## EXERCISE PROMPT
Print the records exactly as written, and let no picture into the answer.

## MATERIAL FOR THIS EXERCISE
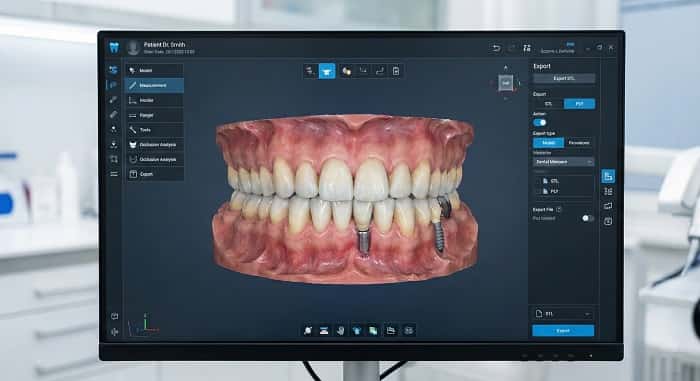 مدل سه‌بعدی حاصل از اسکن داخل دهانی و قالب‌گیری دیجیتال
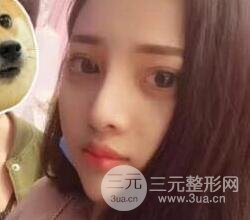 上海鼻子整形專家、價(jià)格和案例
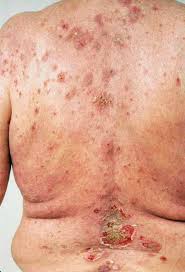 In the early stages of cervical cancer, a person may experience no symptoms at all. Dermatologic Signs Of Systemic Disease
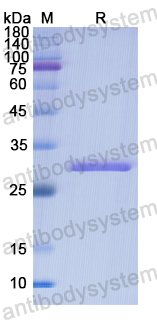 Recombinant Human LIMS1 Protein, N-His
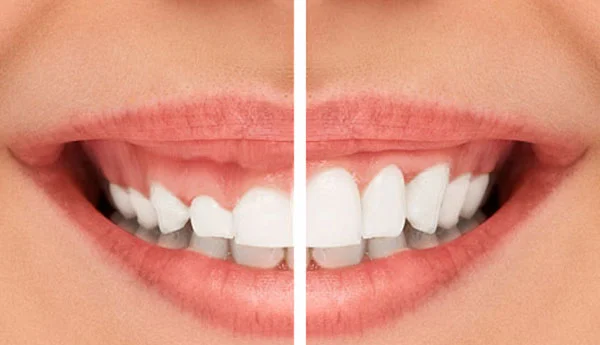Gingivectomie și gingivoplastie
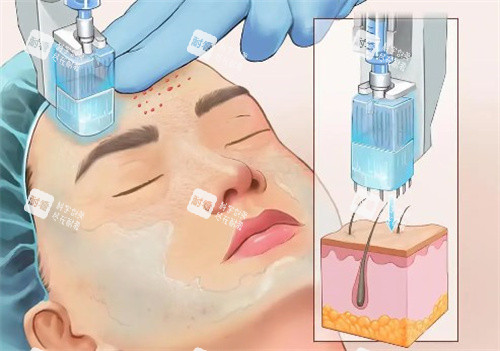 激光去红血丝过程图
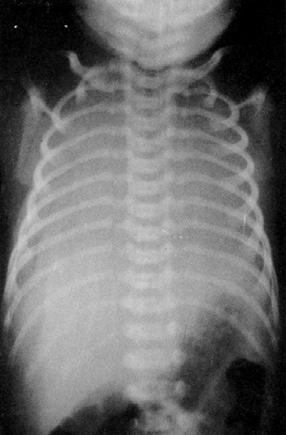 69 Figura 1a. Radiografía de tórax inicial a las dos horas del nacimiento sin intubación endotraqueal. Figura 1b.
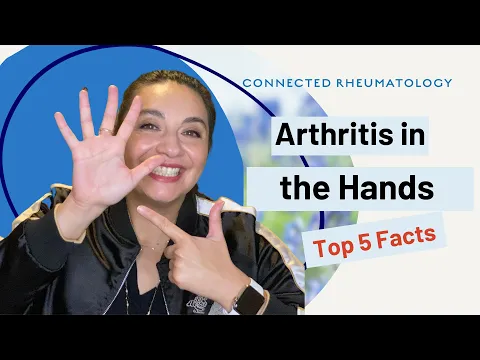 Arthritis in the Hands//Top 5 Facts to know when you have hand arthritis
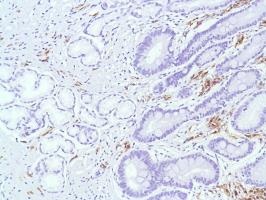 Immunohistochemistry (Formalin/PFA-fixed paraffin-embedded sections) - Anti-CD38 antibody [SP149] - C-terminal (ab183326), expandable thumbnail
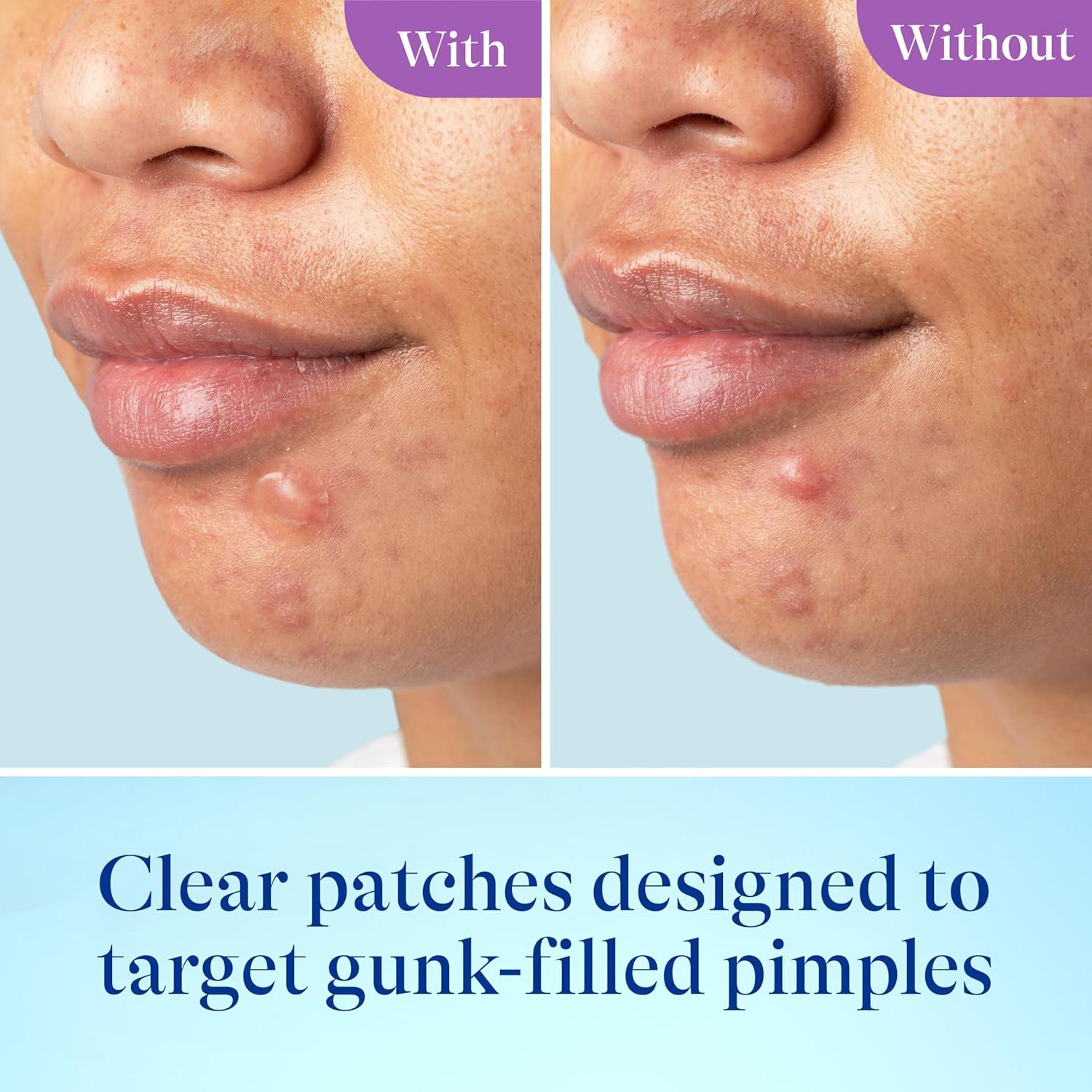 Parches Hidrocoloides Differin para Espinillas 23 ct - Zinc y Niacinamida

## FINISHED TASK
 مدل سه‌بعدی حاصل از اسکن داخل دهانی و قالب‌گیری دیجیتال
 上海鼻子整形專家、價(jià)格和案例
 In the early stages of cervical cancer, a person may experience no symptoms at all. Dermatologic Signs Of Systemic Disease
 Recombinant Human LIMS1 Protein, N-His
Gingivectomie și gingivoplastie
 激光去红血丝过程图
 69 Figura 1a. Radiografía de tórax inicial a las dos horas del nacimiento sin intubación endotraqueal. Figura 1b.
 Arthritis in the Hands//Top 5 Facts to know when you have hand arthritis
 Immunohistochemistry (Formalin/PFA-fixed paraffin-embedded sections) - Anti-CD38 antibody [SP149] - C-terminal (ab183326), expandable thumbnail
 Parches Hidrocoloides Differin para Espinillas 23 ct - Zinc y Niacinamida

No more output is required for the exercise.